Most girls would have shrieked and covered their eyes if confronted with such an image. Nefret’s voice was calm and her countenance unmoved except by remote pity. But then, I reflected, she had known many a mummy in her time. A distinct asset for a would-be archaeologist.
‘Yes, that is his,’ Emerson answered. ‘Hard to imagine from that shrivelled residue, but he was a handsome, well-set-up chap in his day, and barely thirty years of age when he met his death.’
I joined Nefret, who went on looking at the photographs. ‘An unsightly portrait gallery indeed,’ I remarked. ‘It is sobering to reflect that those grisly remains, now so withered and naked and broken, were once divine monarchs and their beautiful queens. Of course we must never forget what our faith teaches us: that the body must return to the dust whence it came, whereas the soul of man . . .’

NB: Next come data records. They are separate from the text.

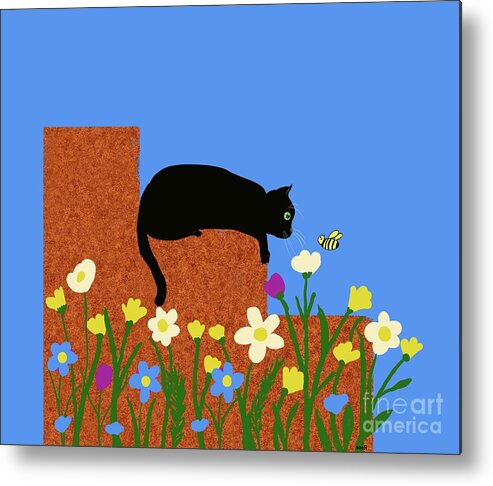 Black Cat Metal Print featuring the digital art Mesmerised by a bumble bee by Elaine Hayward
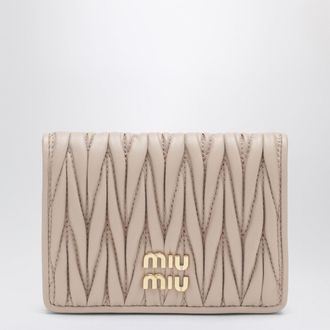 Miu Miu Compact wallet in powder-pink quilted nappa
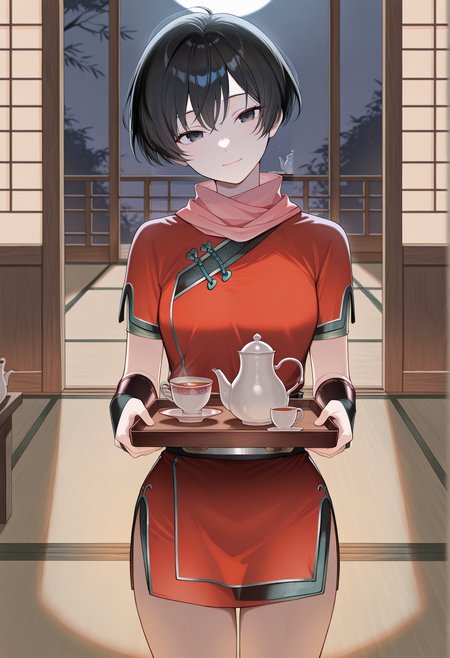 1girl, short hair, black hair, black eyes, scarf, chinese clothes, short sleeves, bridal gauntlets, indoors, tatami, holding tray, light smile, tea cup, teapot, head tilt, night, moonlight,   <lora:Kasumi_illus:1>, masterpiece, best quality, amazing quality, very aesthetic, absurdres, highres, newest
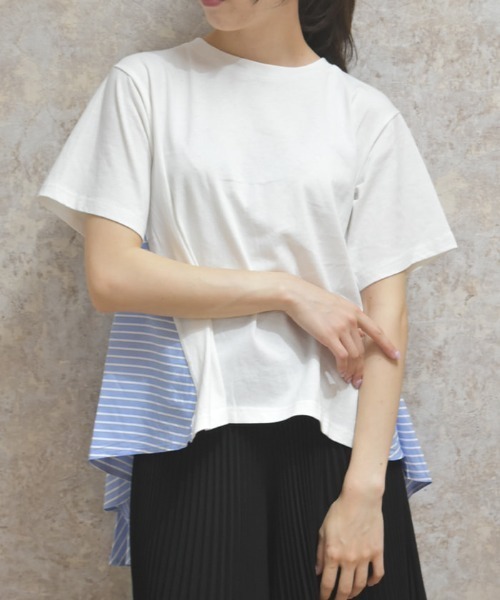 axes femme(アクシーズファム)の「ストライプ切替プルオーバー(Tシャツ/カットソー・レディース・ブラック/ホワイト・FREE)」の2枚目の写真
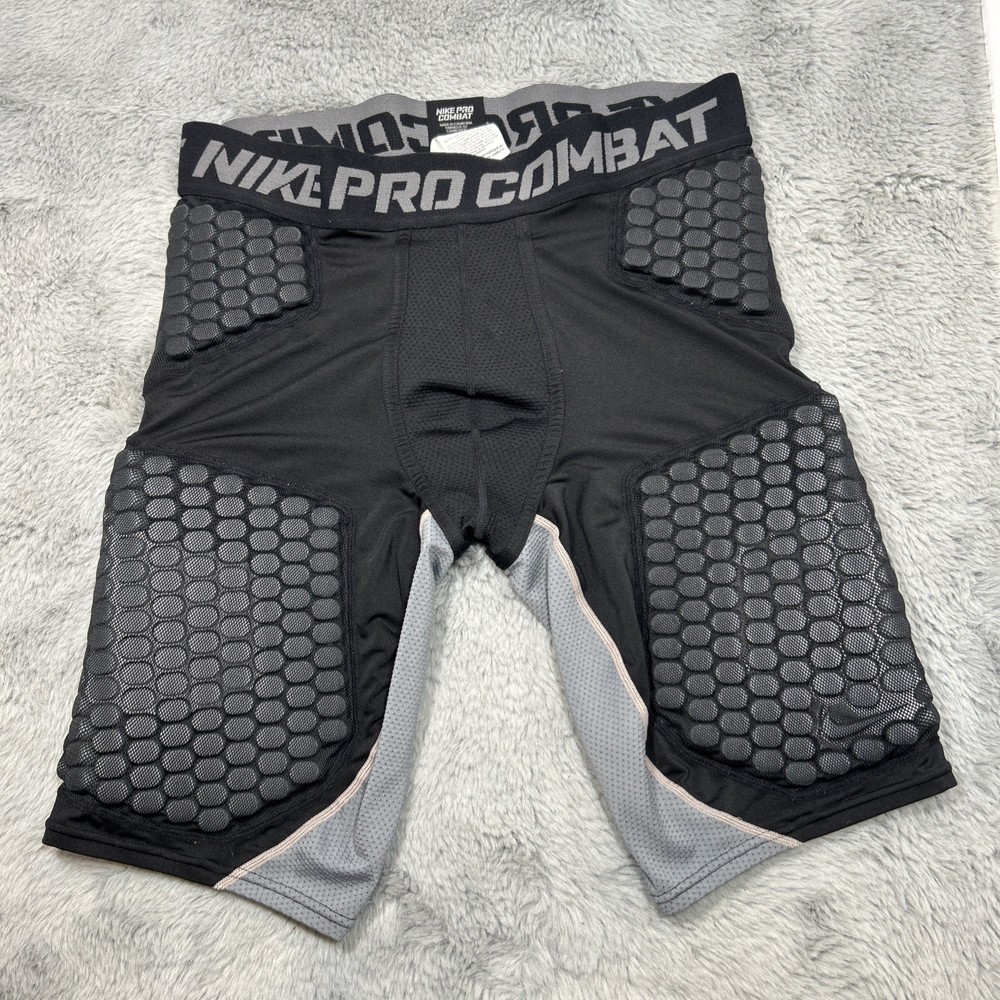 Nike Pro Combat Compression Shorts Mens Large Black Gray Padded Stretch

‘Is immortal?’ In a particularly sardonic tone Emerson finished the sentence I had left incomplete – for I had belatedly realized where it was heading. Concerned as I was about Nefret’s questionable religious beliefs, I had thought to administer a little lesson on Christian dogma. What I had forgotten was that the immortality of the soul was also Egyptian dogma, and that Emerson might not want to be reminded of our strange visitor and his talk of reincarnation.
‘Er – yes,’ I said.
Nefret was too absorbed with her mummies to heed the exchange. ‘All of them look as if they had been in a war,’ she murmured, contemplating an emaciated cadaver whose nose was decidedly askew.

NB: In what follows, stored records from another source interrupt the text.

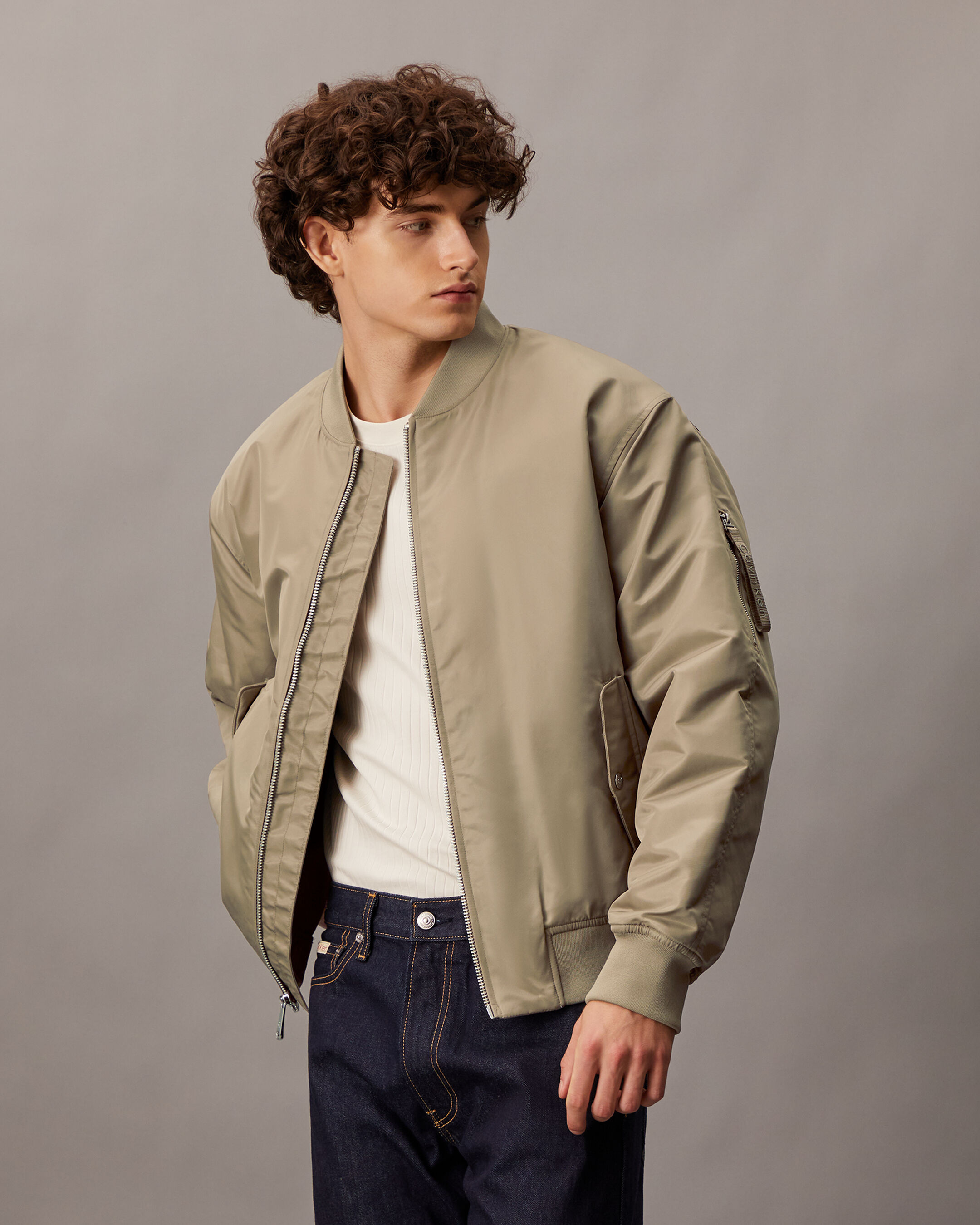 Padded Nylon Bomber Jacket brown Calvin Klein Hong Kong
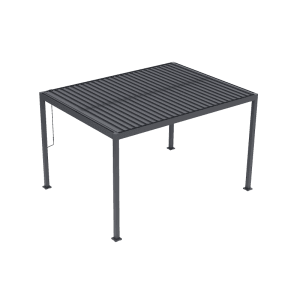 Anthrazitfarbene Pergola 3x4m mit verstellbarem Lamellendach für Garten und Terrasse. Robuster Sonnenschutz.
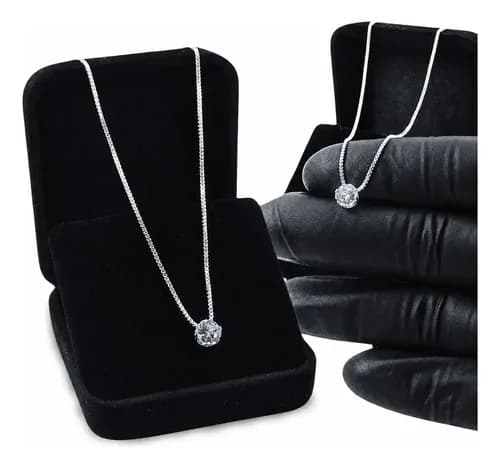 Colar Prata 925 Feminino Ponto de Luz Brilhante
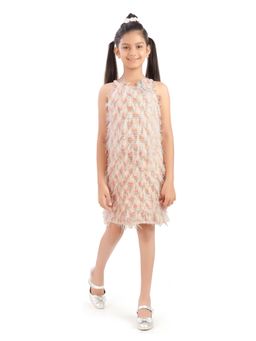 TINY GIRL - Peach Self Design Polyester Dress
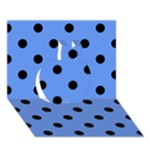 Polka Dots - Black on Cornflower Blue Apple 3D Greeting Card (7x5)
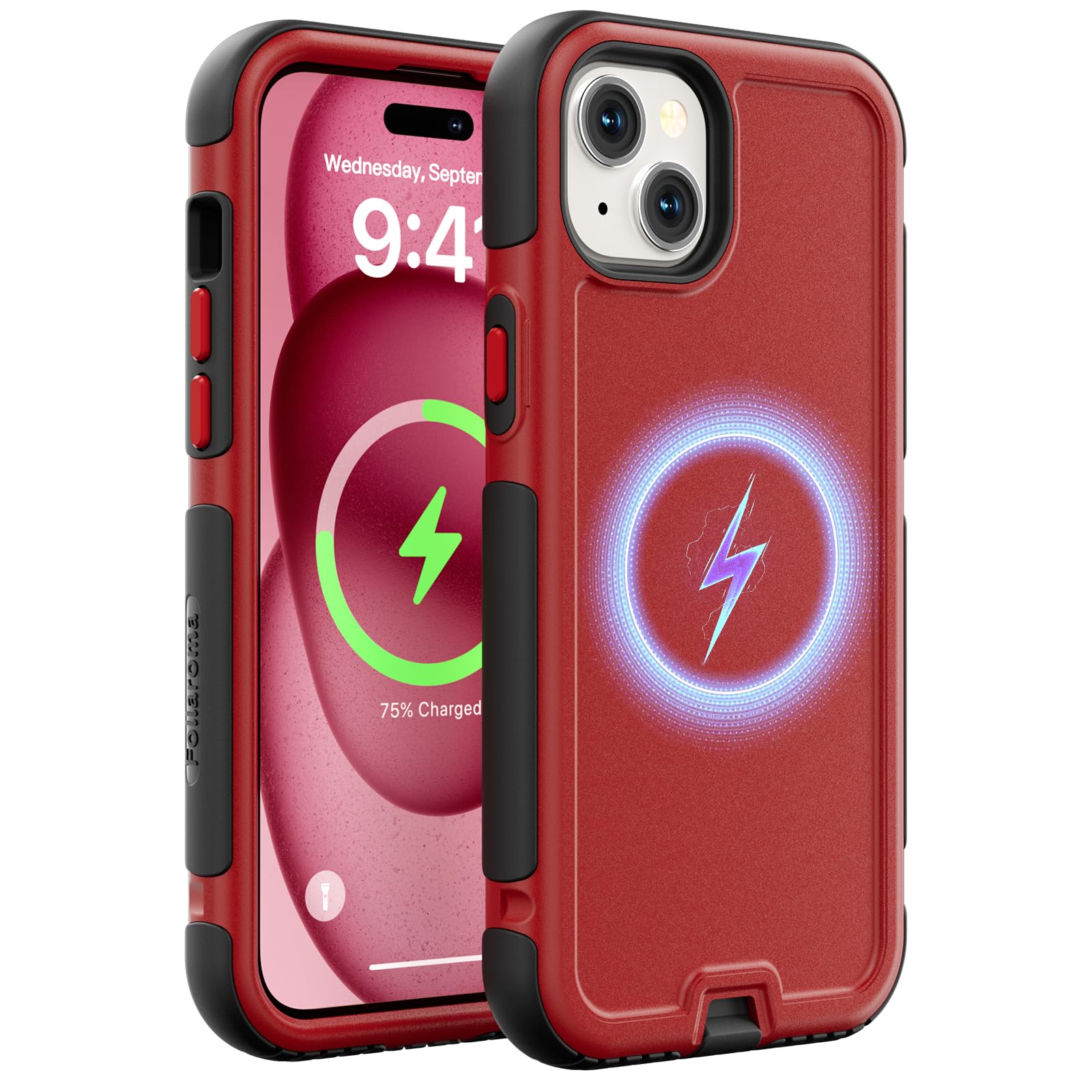 Follaroma for iPhone 15 Case, Compatible with MagSafe, Heavy Duty Shockproof Protective Phone Case, Anti-Drop Protection, Dual Layer Magnetic Phone Cover for iPhone 15, 6.1", Red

‘He may well have been in a war,’ Emerson said. ‘That is Ahmose, Tetisheri’s grandson, who defeated the Hyksos and reunited Egypt. His injuries are postmortem, however – inflicted by thieves who unwrapped the mummies looking for jewels. The poor corpses had rather a hard time of it, unwrapped and mutilated by thieves, rewrapped by pious priests – some of whom were not pious enough to refrain from removing objects the thieves had overlooked – violated again, moved from one hiding place to another in the futile hope of preserving what little remained of them. Not all of them were lovely and beautiful in their lives, though. This little old lady was practically bald by the time she arrived at the embalmers, and those protruding front teeth did not add to her charm.’

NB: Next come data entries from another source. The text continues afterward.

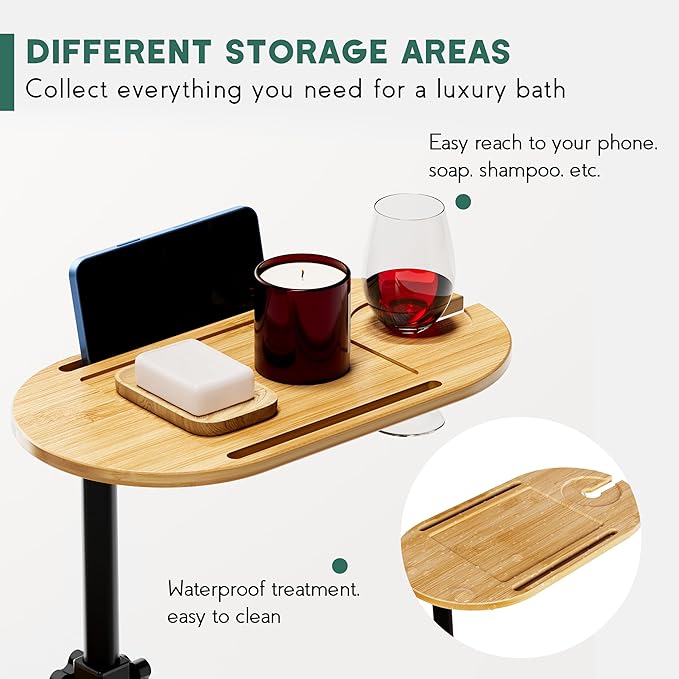 3 Layer Bath Tub Tray Table, Freestanding Bamboo Bath Tray Caddy for Tub Against Wall, Bath Table Tray Tub Shelf Bathroom Organizer Shelf for Luxury Spa and House Warming New Home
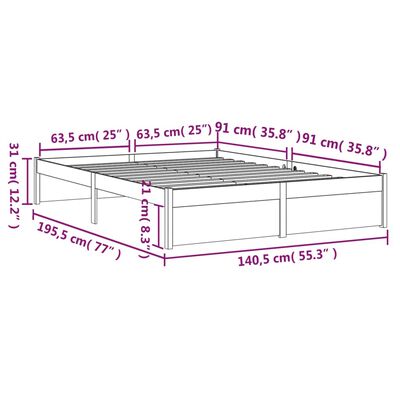 vidaXL Sengeramme svart heltre 135x190 cm Double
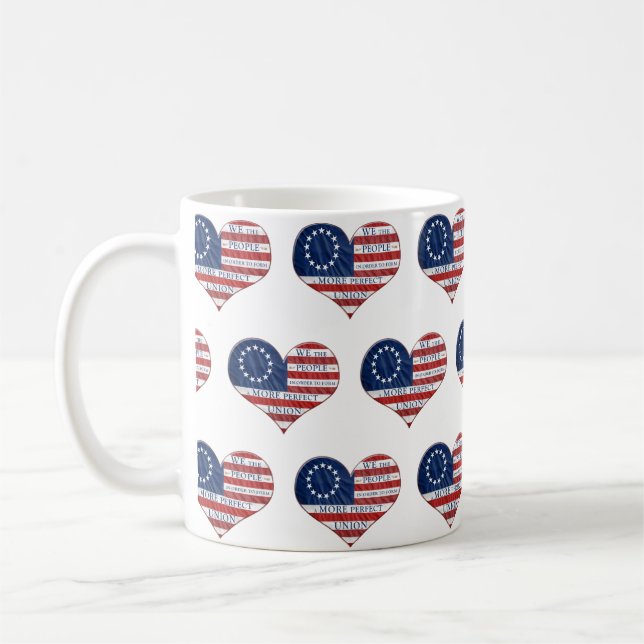 Mug Nous Le Peuple Le Coeur Du Drapeau Américain (Gauche)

‘Who is she?’ Nefret asked.
Emerson shrugged. ‘The mummies got jumbled up a bit, which is not surprising when you consider that they were moved several times. Some are unidentified, and many, I believe, were mislabelled. It will probably take years to sort them out, if it can be done at all.’
‘The techniques of mummification changed over the course of time,’ Ramses said. ‘One might determine thereby the approximate period in which the individual lived.’
‘Enough of mummies,’ I said in disgust.
‘This is more to your taste, I suppose,’ Emerson said, as Nefret held up a photograph of a massive gold bracelet.
‘I remember seeing these jewels in the Cairo Museum,’ Nefret said admiringly. ‘Is it certain that they belonged to Queen Ahhotep? The cartouche is that of King Ahmose – her son, I believe?’